* **Task requirements**
Only the lines from the line that contains "A group of U.S." through the final line of the entries below belong in your answer, copied exactly and without pictures.
Content starts
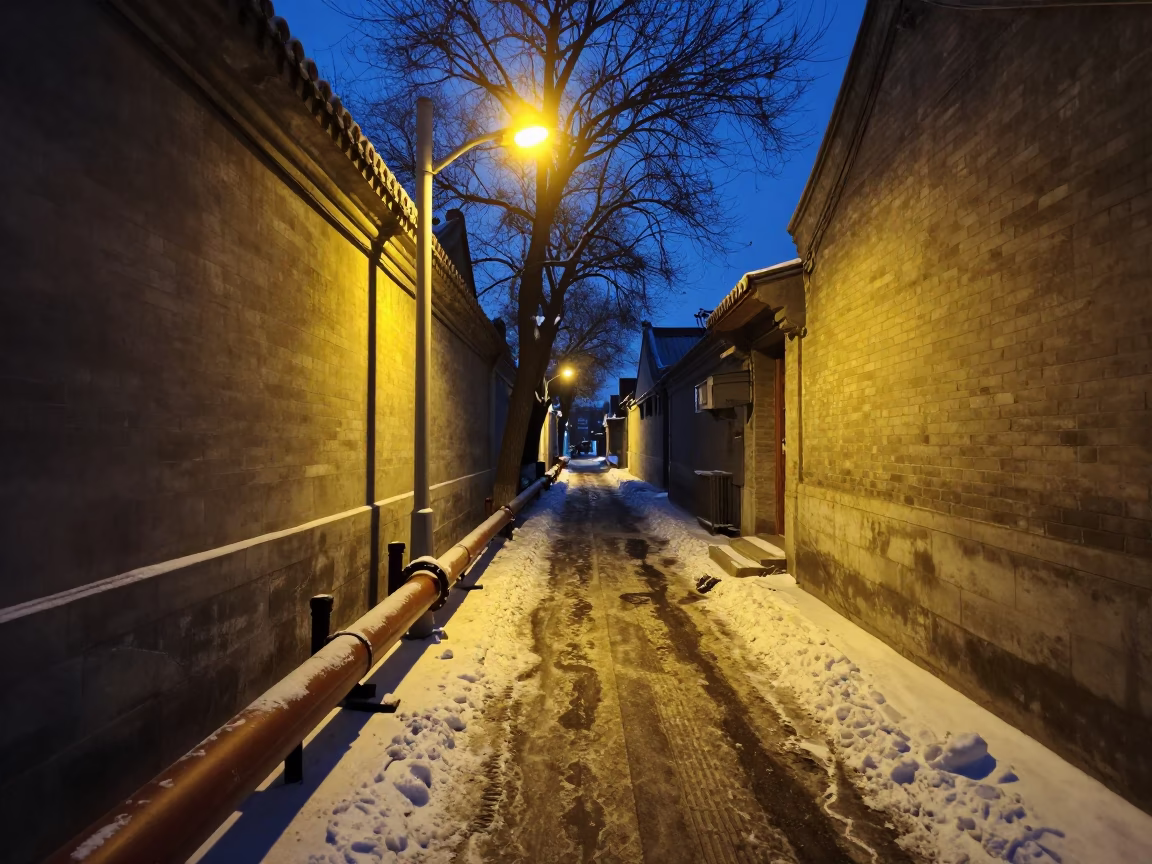 Predawn Beijing Street Scene with District Heating Pipes and Snow in in Beijing, China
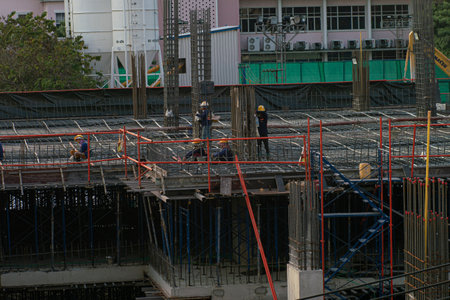 Construction engineer team and mechanical working with crane and building under construction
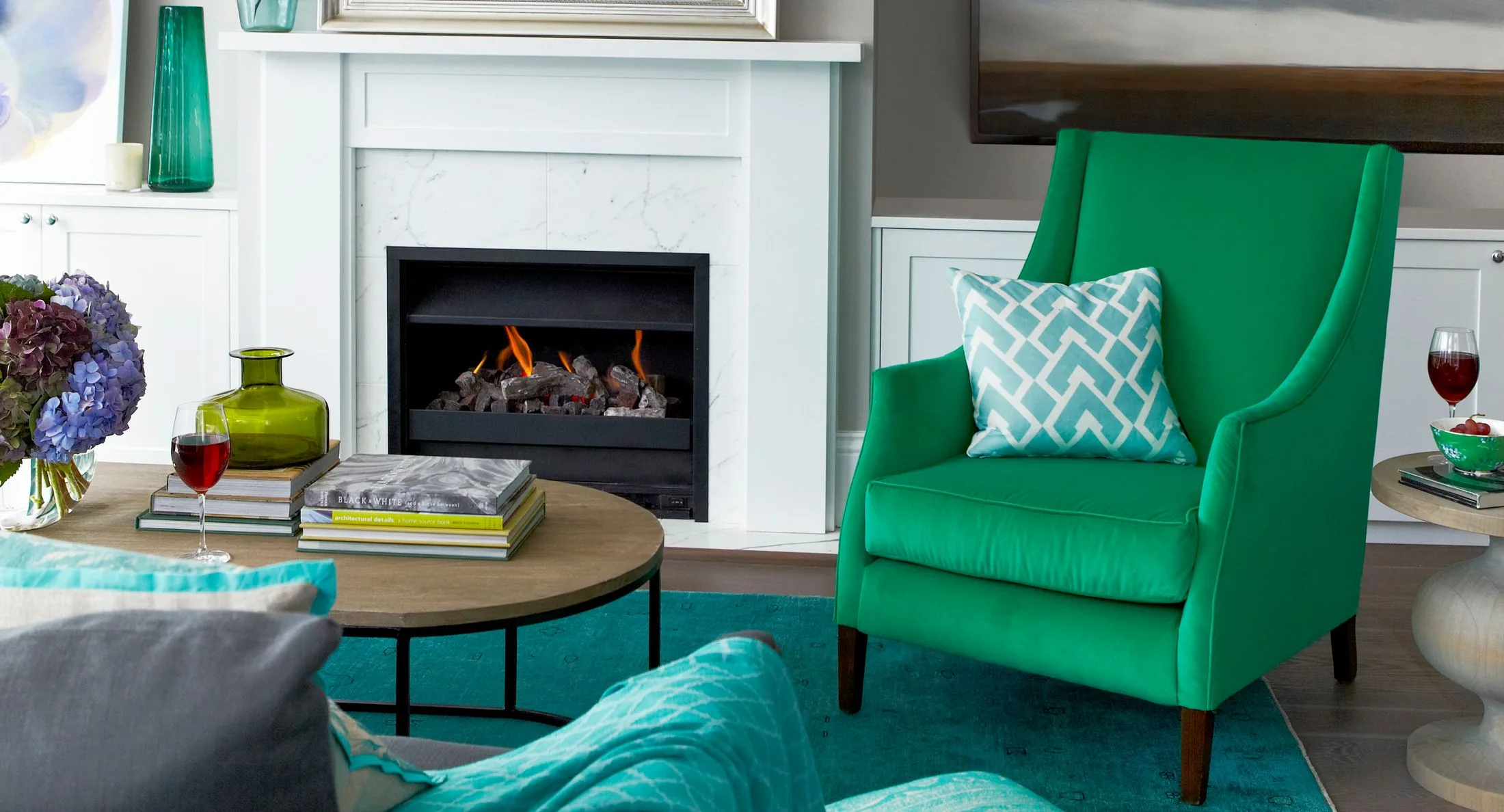 Green armchair with patterned pillow, near fireplace; coffee table with glass vase, books, and red wine glass.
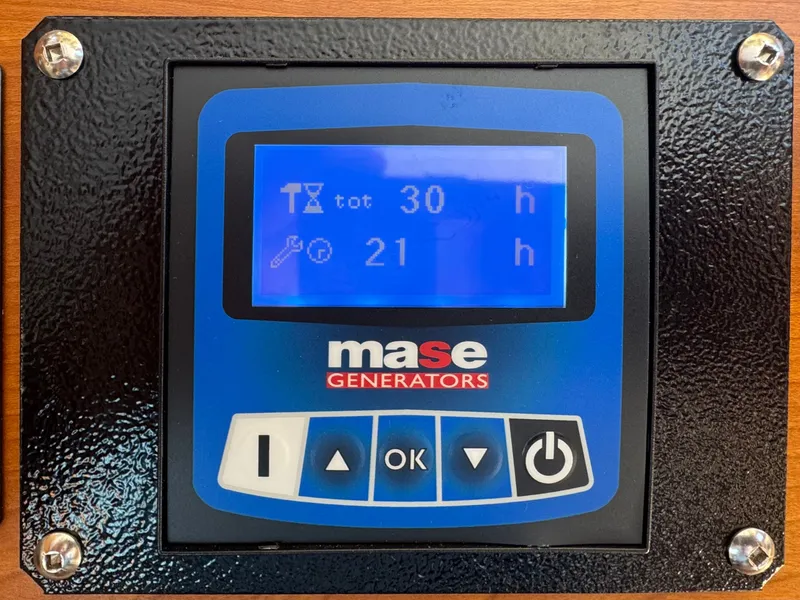 Slide: The Image of Mase Generators control panel displaying usage hours on a Cutwater C26, 2015 model. - 47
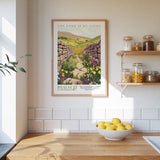 a kitchen scene with a framed poster of a stone path leading through a field of flowers, a bowl of lemons, and shelves with jars and bottles.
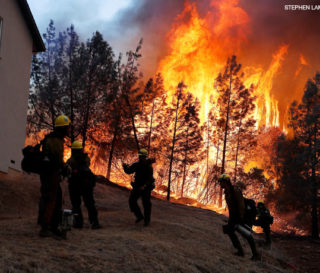 A group of U.S. Forest Service firefighters monitor a back fire while battling to save homes at the Camp Fire in Paradise, California.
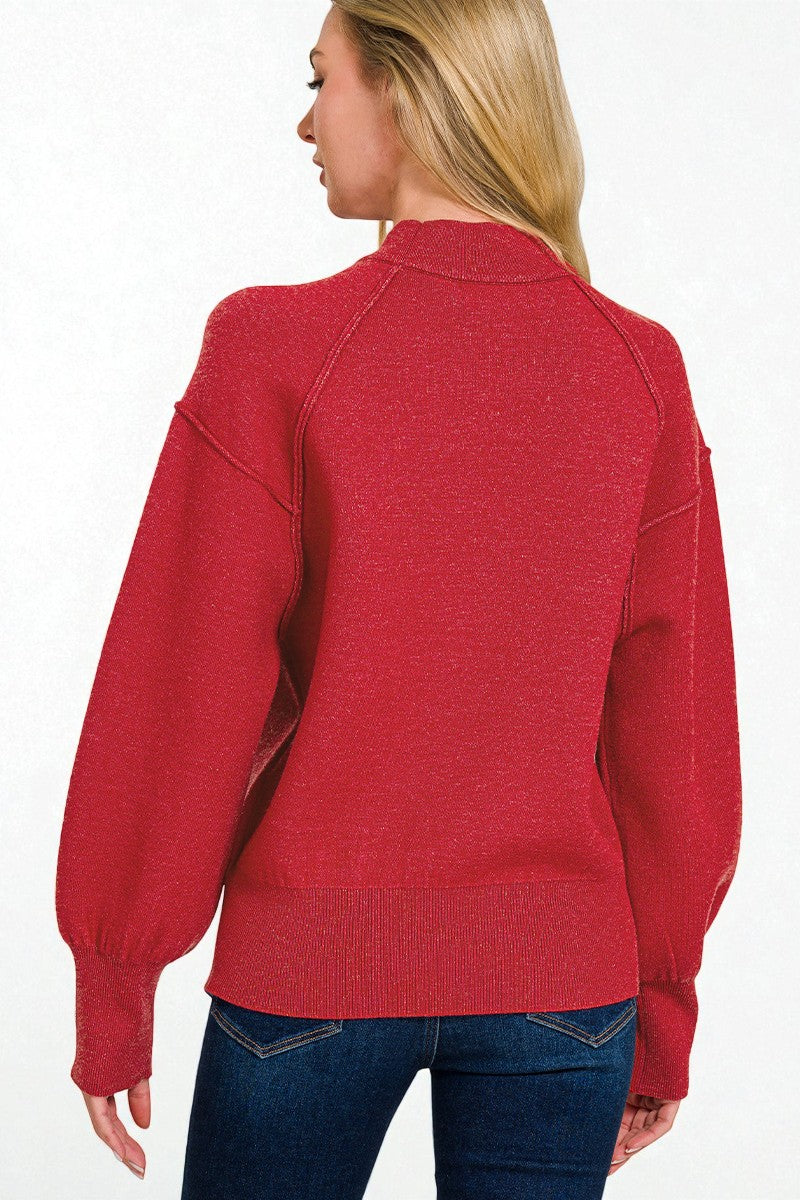 Red sweater worn by a person on a white background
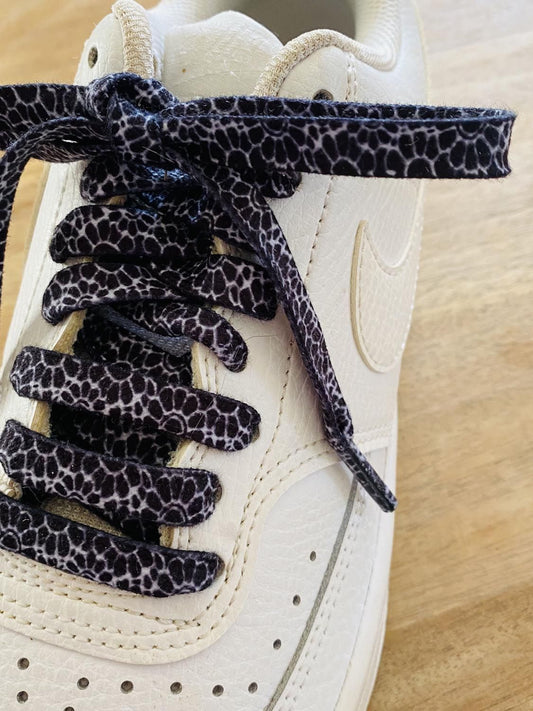 Light grey pop flower laces on a black background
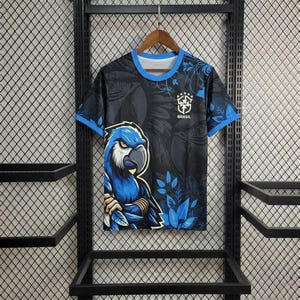 Könnte beinhalten: Ein kurzärmeliges T-Shirt mit Rundhalsausschnitt in Schwarz und Blau, das auf der Vorderseite eine große Grafik eines blauen Ara-Papageis zeigt. Das Shirt hat einen blauen Kragen und Ärmelabschlüsse sowie das CBF Brasil-Logo und fünf weiße Sterne.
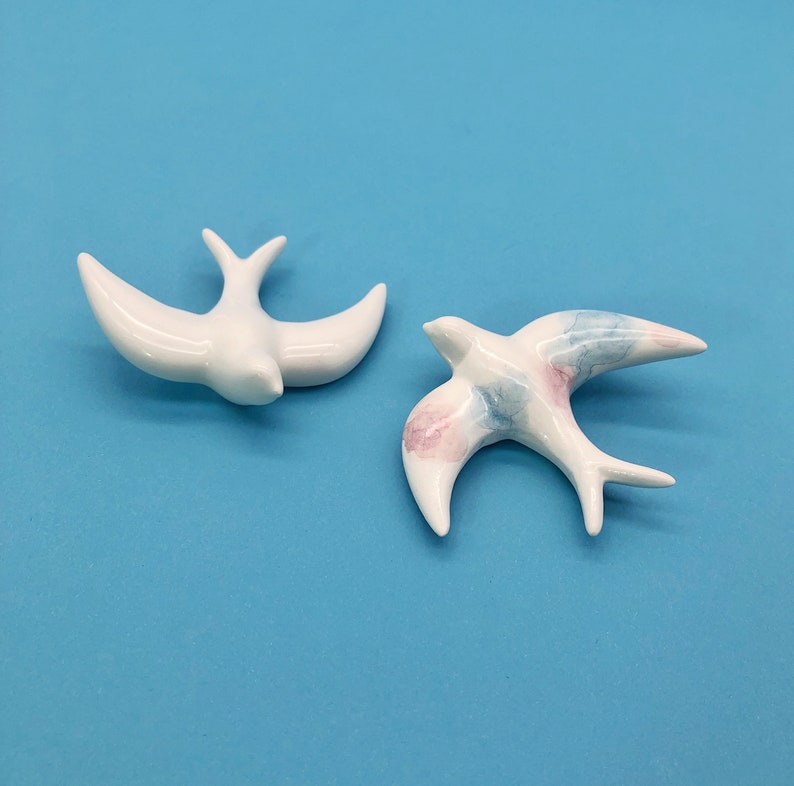 May include: Two ceramic bird figurines. One is solid white, the other features a white base with pink and blue watercolor-style accents. Both have outstretched wings and are set against a solid blue background.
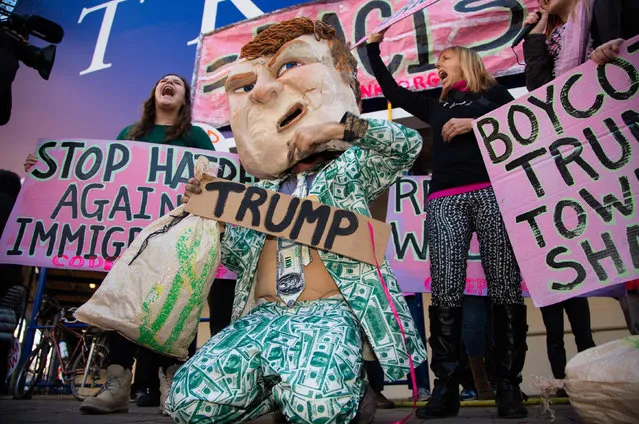 Donald Trump impersonator Tighe Barry leads pro-refugee activists in front of the Trump International hotel on Pennsylvania Avenue in Washington, US on December 11, 2015. (Photo by Jeff Malet/SIPA/Rex Shutterstock)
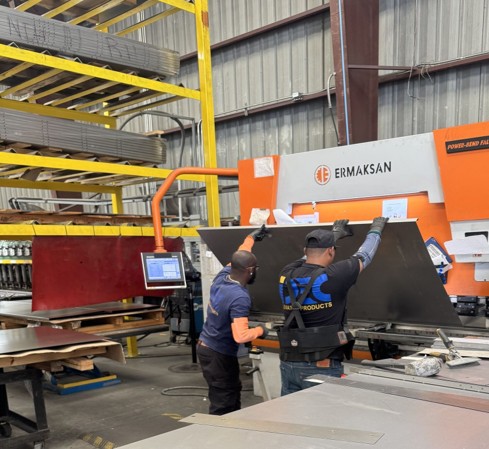 two men working on a machine in a factory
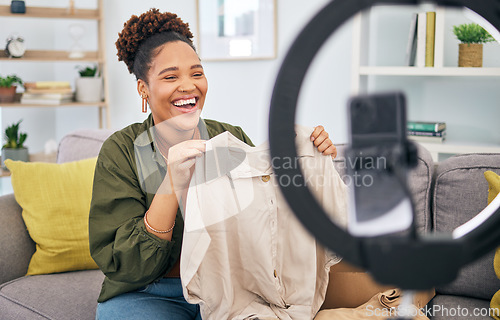 Image of Fashion, live streaming and a black woman content creator unboxing a clothes outfit in her home. Social media, brand deal and a happy female influencer recording a broadcast for subscription service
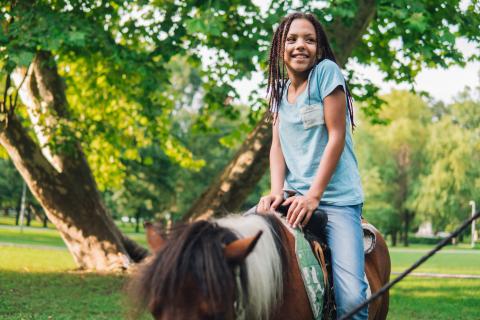 Young Girl Horseback Riding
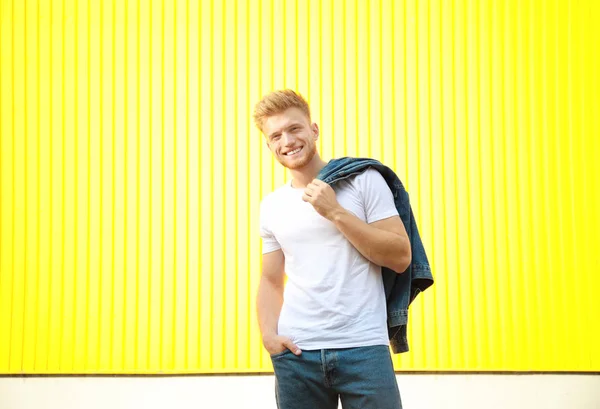 Man in stylish t-shirt on color background — Stock Photo, Image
Content ends
* **Exercise response**
 A group of U.S. Forest Service firefighters monitor a back fire while battling to save homes at the Camp Fire in Paradise, California.
 Red sweater worn by a person on a white background
 Light grey pop flower laces on a black background
 Könnte beinhalten: Ein kurzärmeliges T-Shirt mit Rundhalsausschnitt in Schwarz und Blau, das auf der Vorderseite eine große Grafik eines blauen Ara-Papageis zeigt. Das Shirt hat einen blauen Kragen und Ärmelabschlüsse sowie das CBF Brasil-Logo und fünf weiße Sterne.
 May include: Two ceramic bird figurines. One is solid white, the other features a white base with pink and blue watercolor-style accents. Both have outstretched wings and are set against a solid blue background.
 Donald Trump impersonator Tighe Barry leads pro-refugee activists in front of the Trump International hotel on Pennsylvania Avenue in Washington, US on December 11, 2015. (Photo by Jeff Malet/SIPA/Rex Shutterstock)
 two men working on a machine in a factory
 Image of Fashion, live streaming and a black woman content creator unboxing a clothes outfit in her home. Social media, brand deal and a happy female influencer recording a broadcast for subscription service
 Young Girl Horseback Riding
 Man in stylish t-shirt on color background — Stock Photo, Image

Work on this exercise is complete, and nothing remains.